Every wide open primary is like the Super Bowl/March Madness/World Cup all rolled into one big Shindig for me! They just have to put up with my normal issue-centered self and watch me go Super Fan until the nominations get sewed up. Then, there’s my deep hibernation until fall.  You know my birthday is usually on an election day too.  Maybe that has something to do with it!

So we’re headed towards a ton of primaries!  Early voting is on here in Louisiana and many other places!!!  Our Sky Dancers in Massachusetts, Georgia and Texas will be voting shortly too!  Speak up and let us know what it’s like on the ground in your state!!!  We’re going to have our usual live blogs and we just love hearing from every one!!!!

Turnout has not been high among Democrats compared to 2008.  Turnout is high among Republicans.  This is America folks!  We invented democracy here!!  Get out there and vote!!!!  (Warning this goes to the Washington Times.)

Republicans’ turnout streak continued, with GOP voters shattering their South Carolina primary record Saturday night.

With almost all precincts reporting, more than 737,000 votes had been counted. That was more than 20 percent higher than 2012, when about 603,000 voted.

It follows record GOP turnout in Iowa’s caucuses and New Hampshire’s primary earlier this month.

By contrast, Democrats’ turnout has tumbled from its 2008 records in all three contests, including Saturday’s caucuses in Nevada.
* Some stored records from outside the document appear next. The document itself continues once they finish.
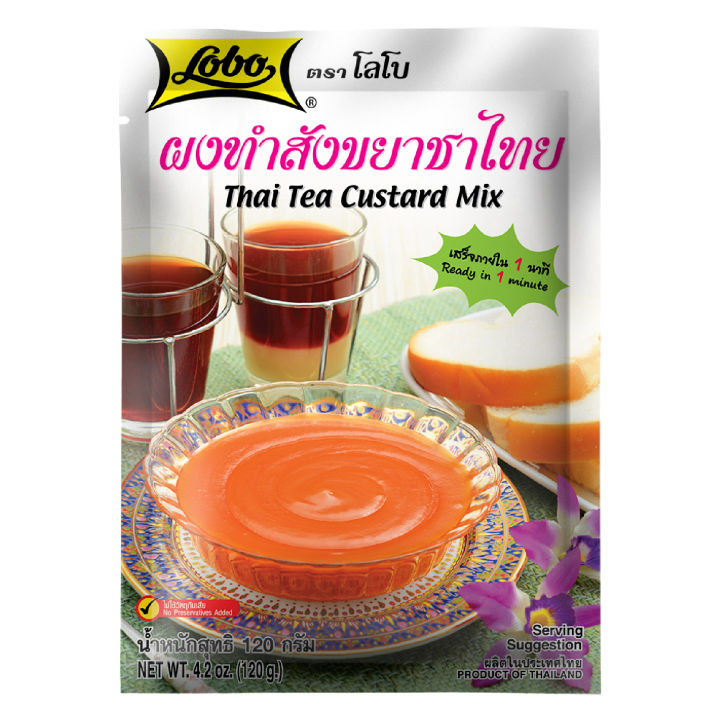 lobo-โลโบ-ผงทำสังขยาชาไทย-ขนาด-120-กรัม-แพ็ค-6-ซอง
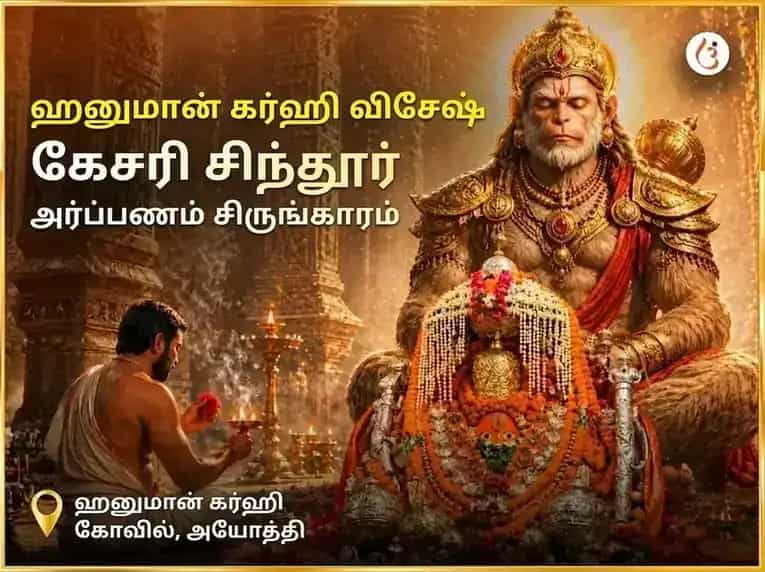 மங்களவார் விசேஷ ஹனுமான் கர்கி விசேஷ கேசரி சிந்தூர் அர்ப்பணம் மற்றும் சிருங்கார் puja gallery 5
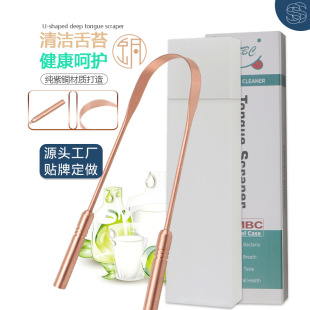Long arm tongue scraper cleaning oral cavity 100% red copper tongue coating cleaner reducing bad breath tongue scraping head brush U-shaped tongue scraping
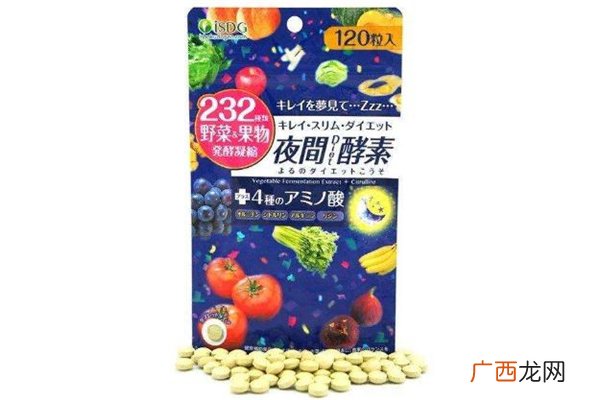 isdg夜间酵素白天能吃吗_效果怎么样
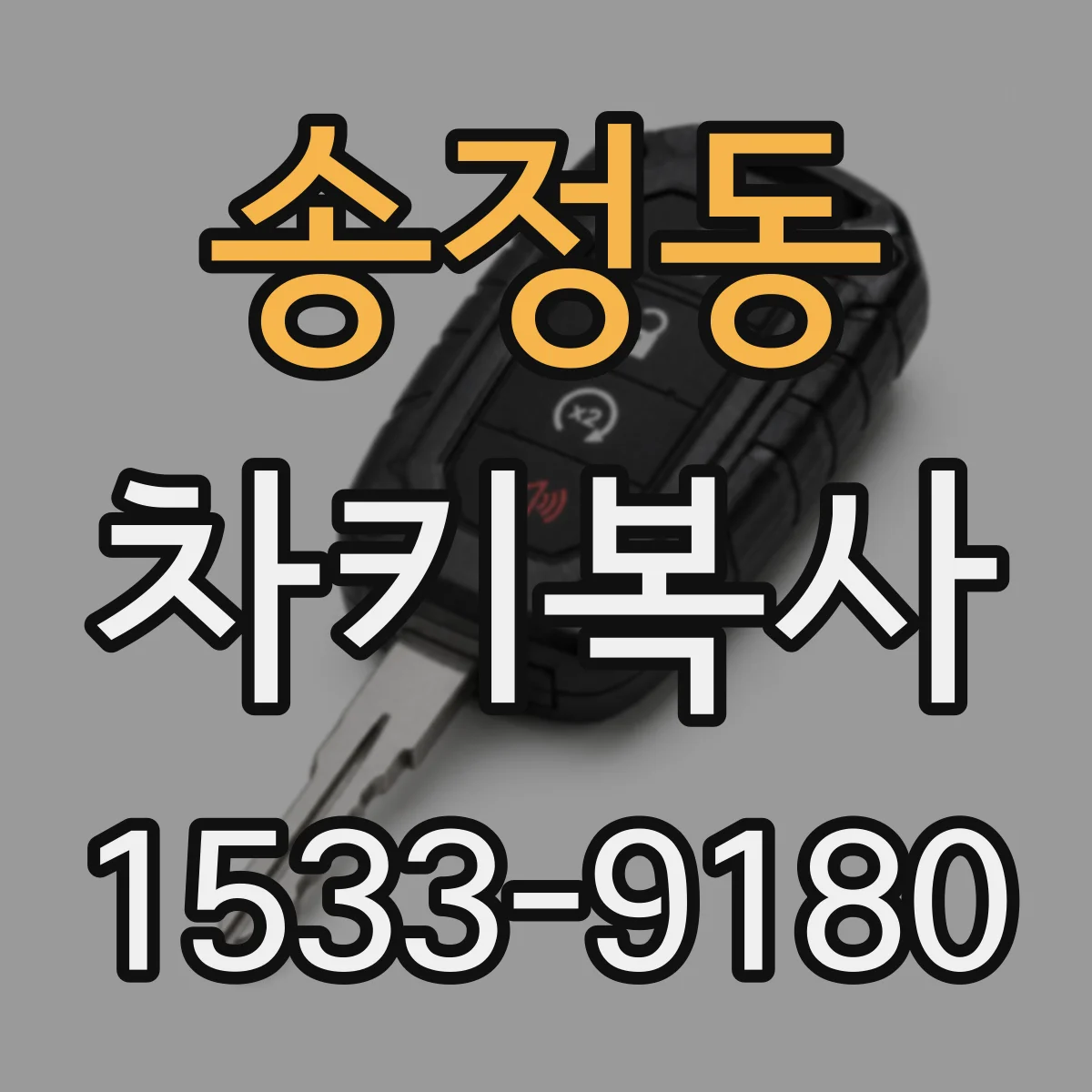 송정동 차키복사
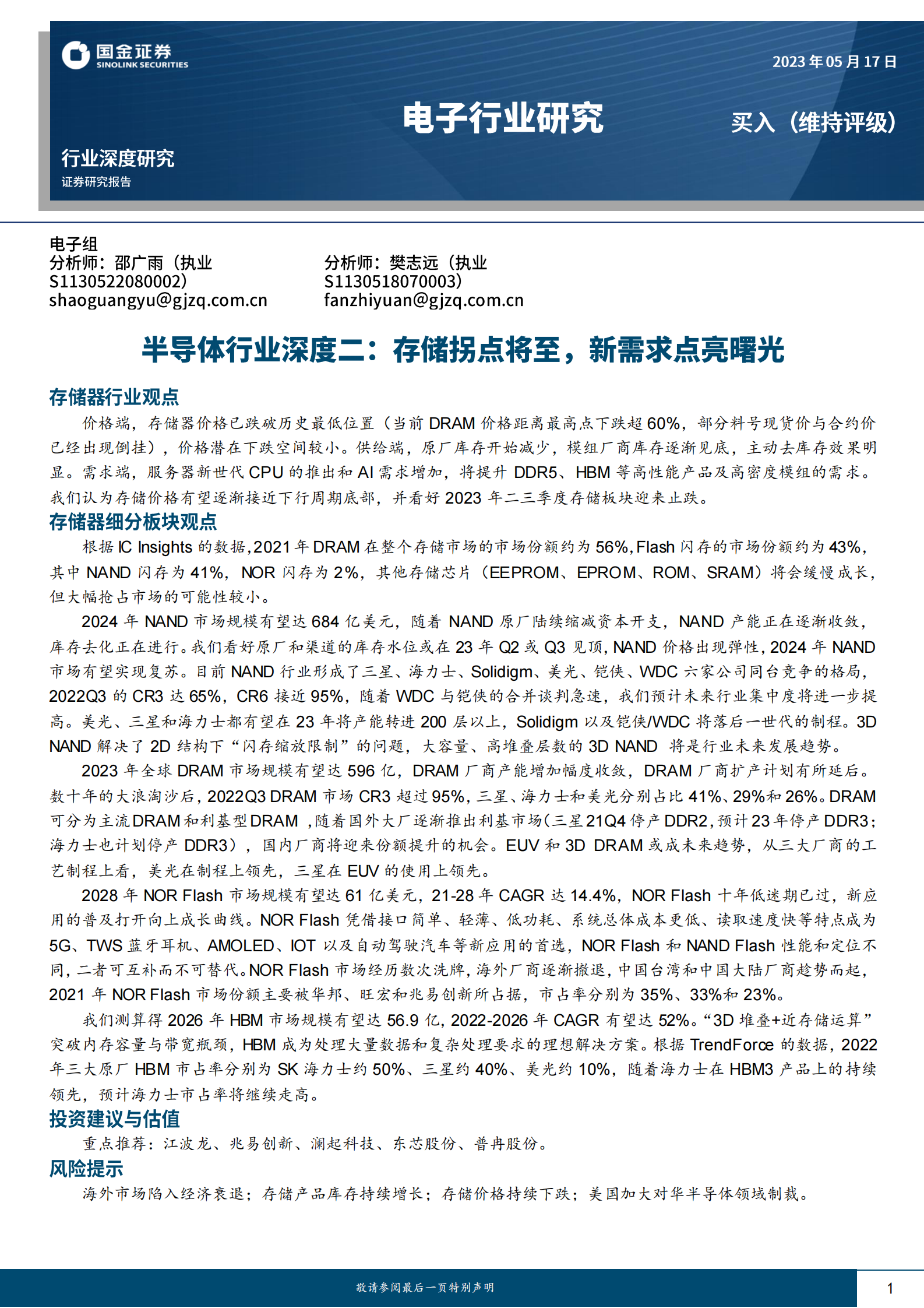 半导体行业深度二：存储拐点将至，新需求点亮曙光 第1页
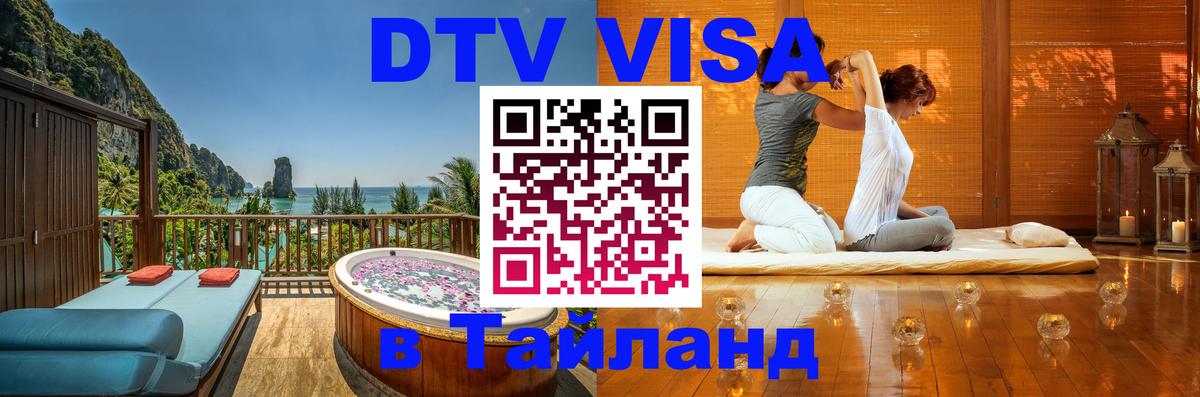 Оформление DTV визы под ключ: стоимость и тарифы, только загранпаспорт - Пятигорск 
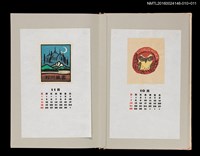 主要名稱：藏書票曆——伯勞鳥（但馬のモズ）/劃一題名：《愛書票曆》（昭和59-62年）圖檔，第2張，共2張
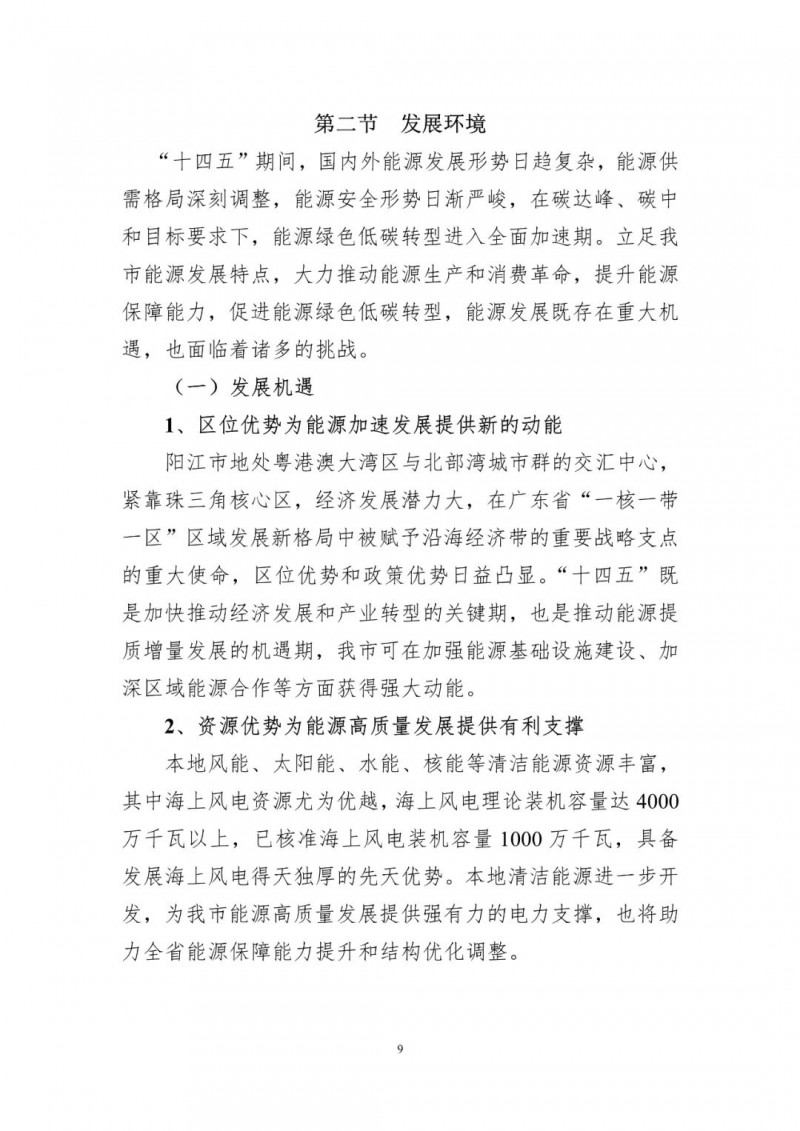 著力打造多元清潔能源供應(yīng)體系！廣東陽江市發(fā)布《能源發(fā)展“十四五”規(guī)劃》（征求意見稿）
About 80,000 voters took part in the caucuses, with was 33 percent less than 2008’s level.

Republicans hold their caucuses Tuesday in Nevada, while Democrats shift to South Carolina next weekend.

Clinton leads in 10 of the 12 early March Primaries.  Her win in Nevada was significant.  It also looks like Trump is on the way to becoming the Republican nominee according to Mark Halperin.

Only suckers bet on presidential politics or professional wrestling, especially in this most tumultuous campaign cycle in recent memory. But if you were playing the odds, you would have to say that the weekend’s electoral results have, for now, put Hillary Clinton and Donald Trump in extraordinarily commanding positions to become their parties’ de facto nominees as early as mid-March.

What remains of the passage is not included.